2.宣教に関する二つ目のポイントは、キリストの十字架です。
 聖パウロは、ガラテヤ人に書きながらこう言っています。「わたしたちの主イエスキリストの十字架でないならば、誇ることから神がわたしを解きはなってくださいますように(新共同訳:このわたしには、わたしたちの主イエス・キリストの十字架のほかに、誇るものが決してあってはなりません)」(6章14節)。そして「焼き印」について語ります。つまり、十字架につけられたキリストの傷のことです。それはその福音の使徒の決定的な刻印、しるしのようなものです。その奉仕職において、パウロは苦しみ、弱さ、打ちひしがれることを体験しましたが、喜びと慰めも体験したのです。ここに、イエスの過越しの神秘があります。死と復活の神秘があるのです。そしてまさに、イエスの死によって満たされるに任せることが、パウロをその復活、その勝利に参与させるに至らせたのです。暗闇の時間に、試練が目の前にある時、すでに光と救いがそこにあり、うっすらと空を白ませるように働き始めているのです。
 過越しの神秘は、教会の宣教の鼓動に満ちた心臓なのです!そしてもしこの神秘の内側に留まるならば、世俗的な視点や宣教の勝利主義的視点、あるいは試練や失敗を前に生まれうる落胆から、わたしたちは救われているのです。司牧的な多産力は、福音の宣言の多産力なのです。それは人間の評価基準による成功からも失敗からも来ません。そうではなく、イエスの十字架の論理に満足することから来るのです。それは自分の殻から出ていき、自らを差し出す、愛の論理なのです。十字架、常にキリストのかかっている十字架ですが、この十字架こそがわたしたちの宣教の多産力を保障するのです。そしてあわれみと愛の最高の行為である十字架から、わたしたちは「新しい創造」(ガラテヤ6章15節)として改めて生まれ直すのです。

3.最後に、三つ目の要素:祈りです。
 福音においてわたしたちは次のように聞きました。「だから、収穫のために働き手を送ってくださるように、収穫の主に願いなさい」(ルカ10章2節)。収穫のための働き手は大々的なキャンペーンで選ばれた人でも、寛大な配給サービスに呼ばれたわけでもなく、神によって「選ばれた人々」、また「命じられている人々」なのです。神こそが選ぶ方、命じる方、派遣する方、使命を与える方なのです。だからこそ祈りが重要なのです。
 教会は、ベネディクト十六世がわたしたちに繰り返し言ってきたことですが、わたしたちのものではなく、神のものです。そして何度わたしたち聖職者たちはこれを自分のものだと思ってきたことか。でしょう?わたしたちは思いついたことをやってしまうのです。けれど、教会はわたしたちの持ちものではなく、神のものなのです。耕さなければならない土地は、神のものなのです。
 そういうわけで、使命は何よりも恵みなのです。宣教(=使命)は恵みです。そしてもし使徒職が祈りの実りであるならば、祈りのうちにその活動のための照らしと力を見出すことでしょう。実際、わたしたちの宣教使命は、泉である主とのつながりを断ち切るまさにその時に、実りをもたらす性質を失う、更には消し去ってしまうのです。

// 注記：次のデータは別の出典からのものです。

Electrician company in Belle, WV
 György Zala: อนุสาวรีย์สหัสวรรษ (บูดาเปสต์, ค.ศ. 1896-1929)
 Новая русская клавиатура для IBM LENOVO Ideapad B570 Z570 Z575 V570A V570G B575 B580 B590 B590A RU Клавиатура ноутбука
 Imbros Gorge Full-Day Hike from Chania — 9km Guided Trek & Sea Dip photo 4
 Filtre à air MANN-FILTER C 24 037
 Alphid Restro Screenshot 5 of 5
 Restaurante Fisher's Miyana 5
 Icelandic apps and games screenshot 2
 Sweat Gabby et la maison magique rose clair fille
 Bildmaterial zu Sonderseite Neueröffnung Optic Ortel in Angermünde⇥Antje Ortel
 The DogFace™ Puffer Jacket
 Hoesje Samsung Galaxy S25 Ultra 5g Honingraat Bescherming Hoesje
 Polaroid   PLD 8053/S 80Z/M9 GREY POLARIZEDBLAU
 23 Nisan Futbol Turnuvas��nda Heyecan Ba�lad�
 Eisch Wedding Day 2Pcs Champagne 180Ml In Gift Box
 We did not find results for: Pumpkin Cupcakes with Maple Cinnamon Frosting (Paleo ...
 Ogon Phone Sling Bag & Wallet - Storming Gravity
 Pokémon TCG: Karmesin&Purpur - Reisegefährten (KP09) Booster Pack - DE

 愛する神学生の皆さん、愛する修練女の皆さん、愛する修練士の皆さん、召し出しの道にある愛する青年の皆さん。
 あなたたちのうちの一人、あなたたちの養成担当者の一人が先日このようなことを言っていました。évangeliser on fait en genou(フランス語)、福音化は跪くことで行われる、福音化は膝でなされるのだ、と。耳をかっぽじってお聞きなさい。「福音化は跪くことでなされるのです」。いつも祈りの男性、祈りの女性でおありなさい。いつも、祈りの男、祈りの女でいなさい!神とのたゆまない関わりがなければ、宣教は機能に型落ちしてしまいます。けれど仕立屋として働く、料理人として働く、司祭として働く、と言いますが、と言うでしょう。あなたは司祭として働いているのですか?シスターとして働いているのですか?違うでしょう。これは職業ではないのです、司祭であること、修道者であることは別のことなのです。活動主義の危険は、いつも見張っている形の、構造に信頼しすぎることにあります。イエスを見てみると、どの決定や重要な出来事にも、その前夜に緊密で長い祈りに沈潜していたことが分ります。観想の側面を培いましょう。もっとも緊急で差し迫った約束を果たす渦中にあってもです。イエスが皆さんを存在の中心から外れたところに行く使命へと呼びかければ呼びかけるほど、ますますあわれみと愛に満ちたキリストの心に一致していかなければならないのです。ここに、司牧の、実りをもたらす性質、主の弟子の多産力の秘訣があるのです。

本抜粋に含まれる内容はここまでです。